INFORMATION:
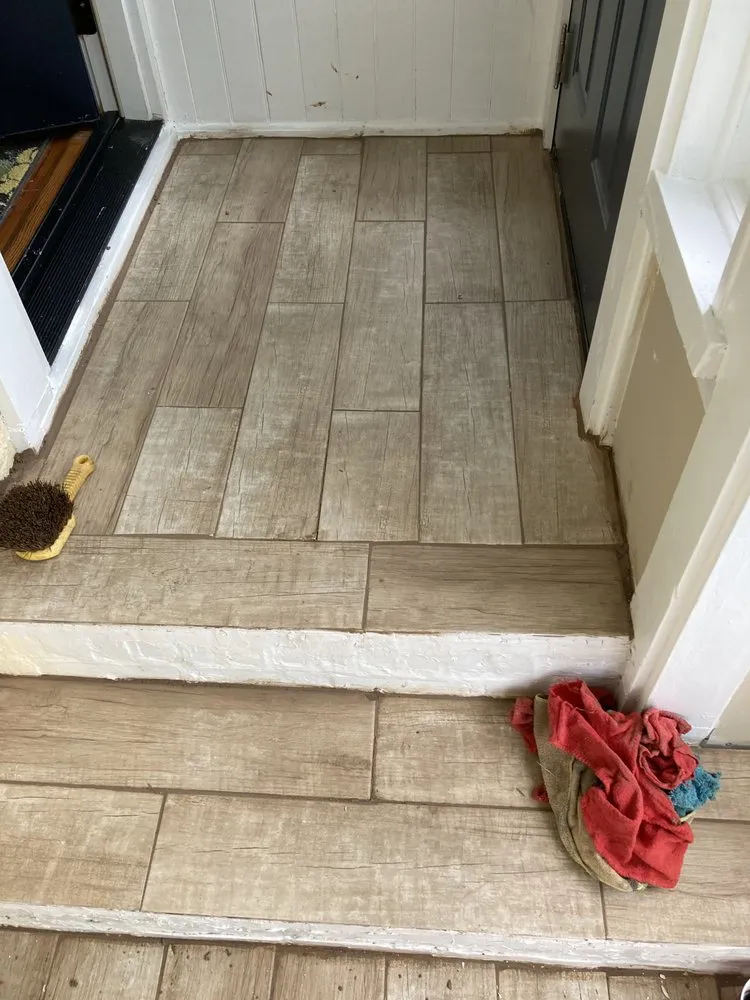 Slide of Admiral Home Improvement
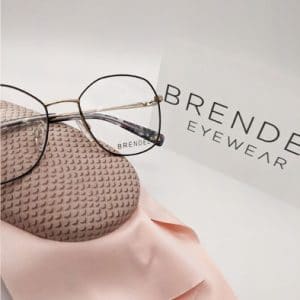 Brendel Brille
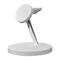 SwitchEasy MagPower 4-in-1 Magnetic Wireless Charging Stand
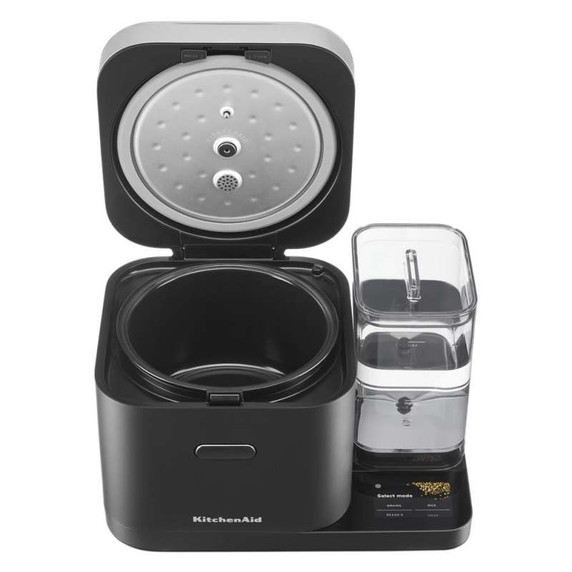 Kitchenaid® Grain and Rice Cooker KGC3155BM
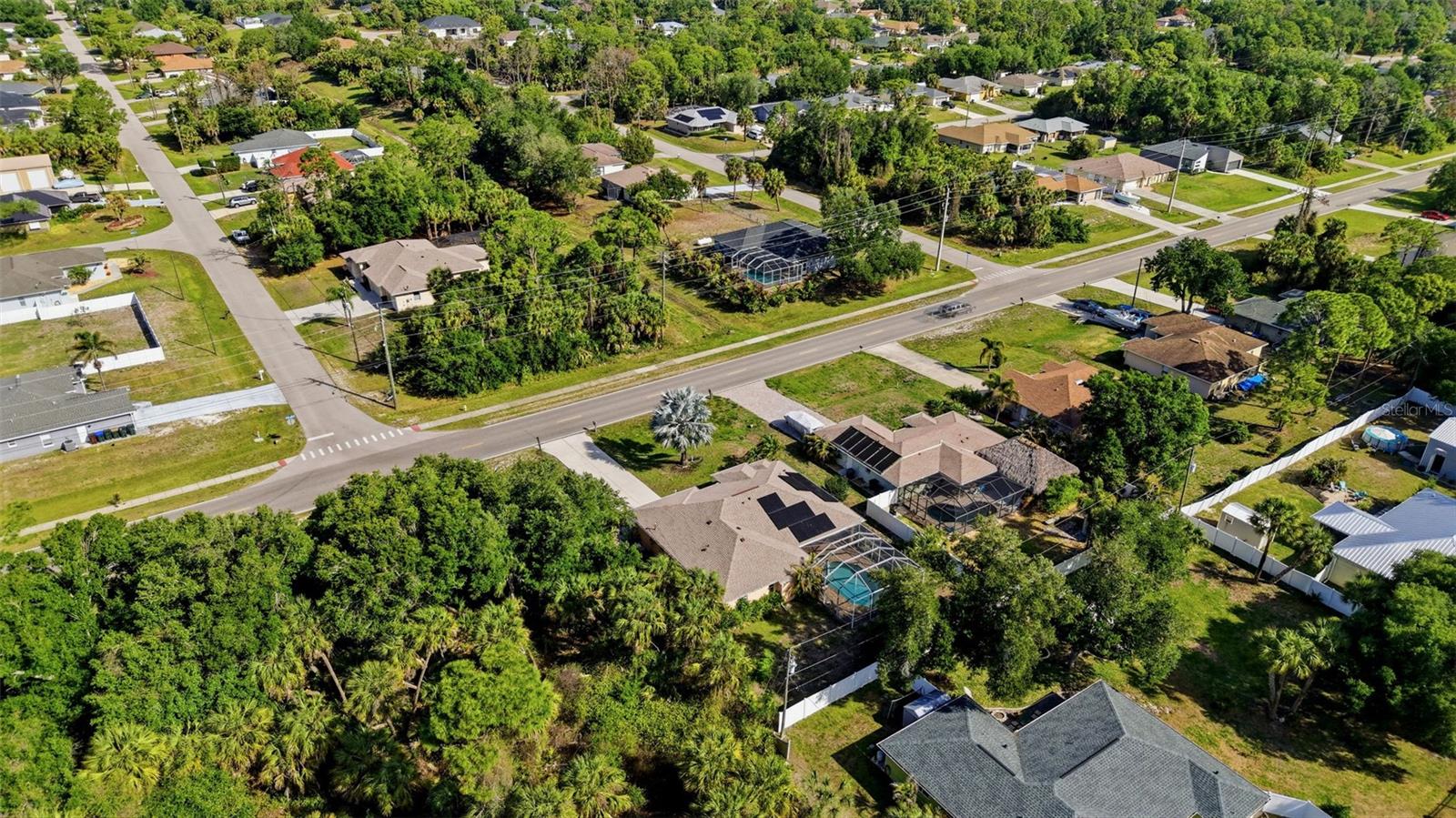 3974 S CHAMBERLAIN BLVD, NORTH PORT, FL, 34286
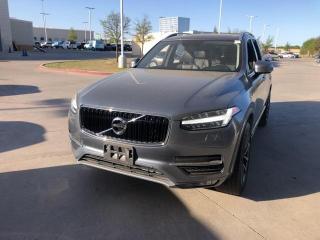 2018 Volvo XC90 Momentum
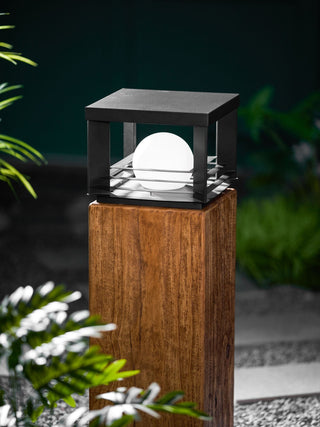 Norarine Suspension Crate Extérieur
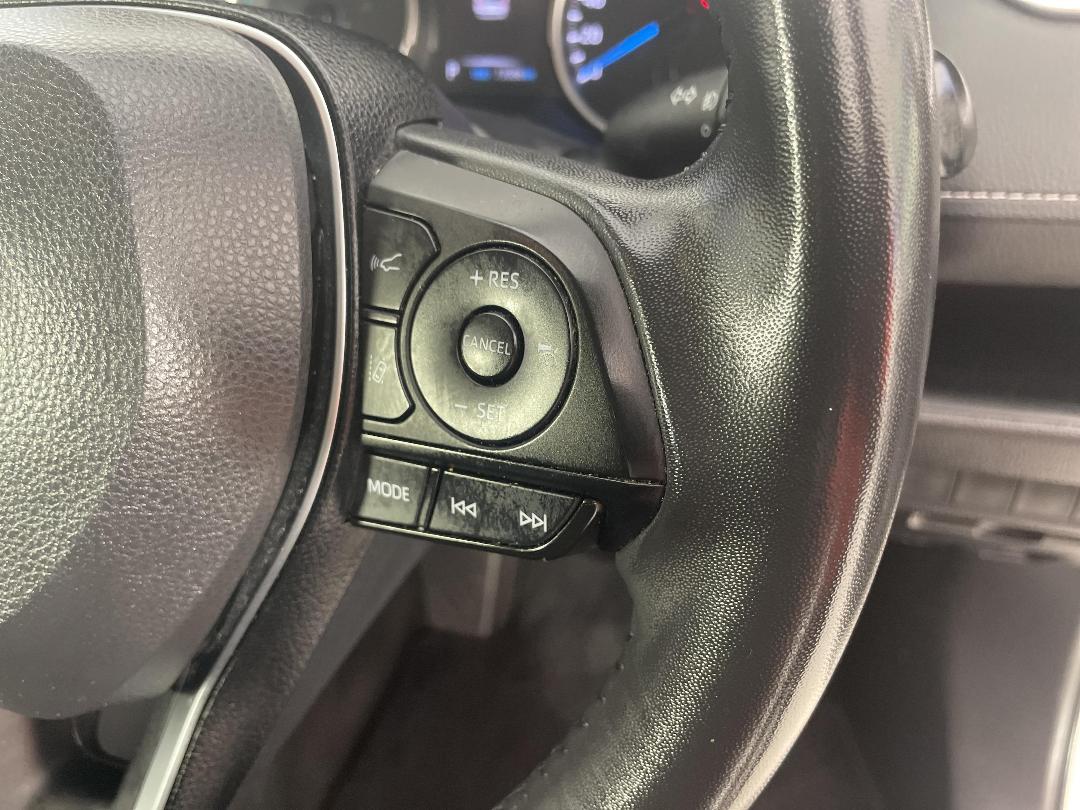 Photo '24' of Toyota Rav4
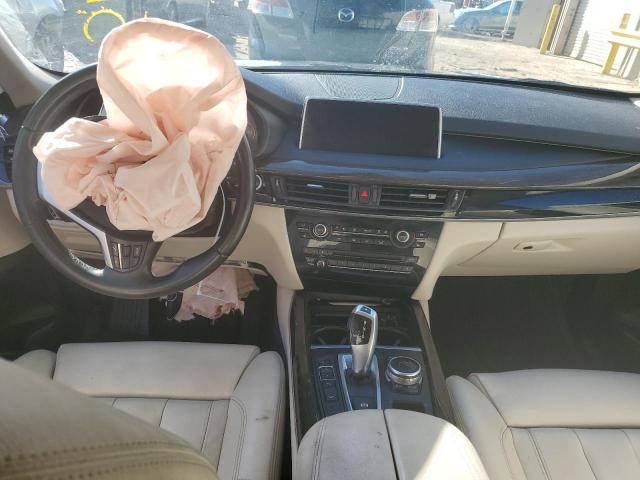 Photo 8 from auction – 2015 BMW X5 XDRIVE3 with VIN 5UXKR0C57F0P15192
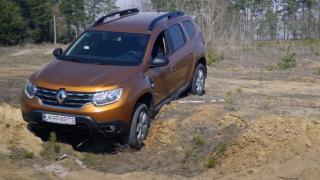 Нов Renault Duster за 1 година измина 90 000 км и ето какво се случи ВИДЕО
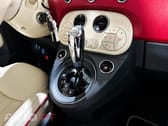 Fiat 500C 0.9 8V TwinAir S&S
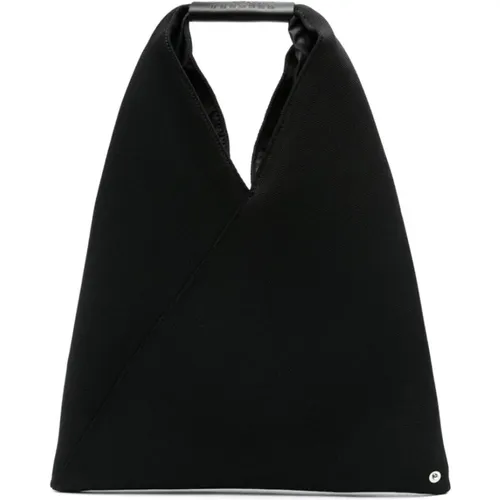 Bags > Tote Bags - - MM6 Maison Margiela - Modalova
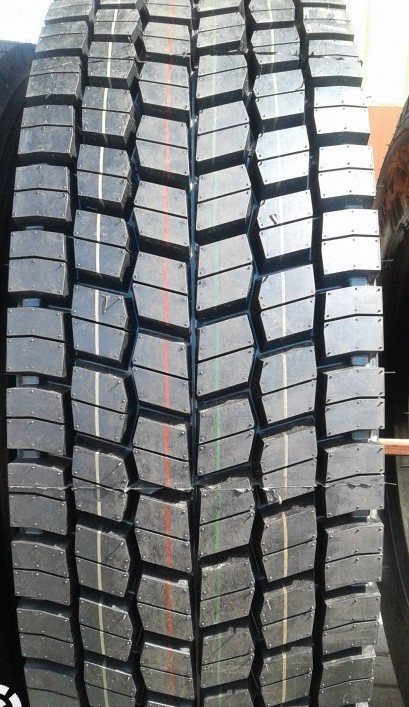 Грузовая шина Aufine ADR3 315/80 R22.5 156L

EXERCISE OBJECTIVE:
Set down all of the material word for word, but keep each picture out.

SOLUTION BELOW:
 Slide of Admiral Home Improvement
 Brendel Brille
 SwitchEasy MagPower 4-in-1 Magnetic Wireless Charging Stand
 Kitchenaid® Grain and Rice Cooker KGC3155BM
 3974 S CHAMBERLAIN BLVD, NORTH PORT, FL, 34286
 2018 Volvo XC90 Momentum
 Norarine Suspension Crate Extérieur
 Photo '24' of Toyota Rav4
 Photo 8 from auction – 2015 BMW X5 XDRIVE3 with VIN 5UXKR0C57F0P15192
 Нов Renault Duster за 1 година измина 90 000 км и ето какво се случи ВИДЕО
 Fiat 500C 0.9 8V TwinAir S&S
 Bags > Tote Bags - - MM6 Maison Margiela - Modalova
 Грузовая шина Aufine ADR3 315/80 R22.5 156L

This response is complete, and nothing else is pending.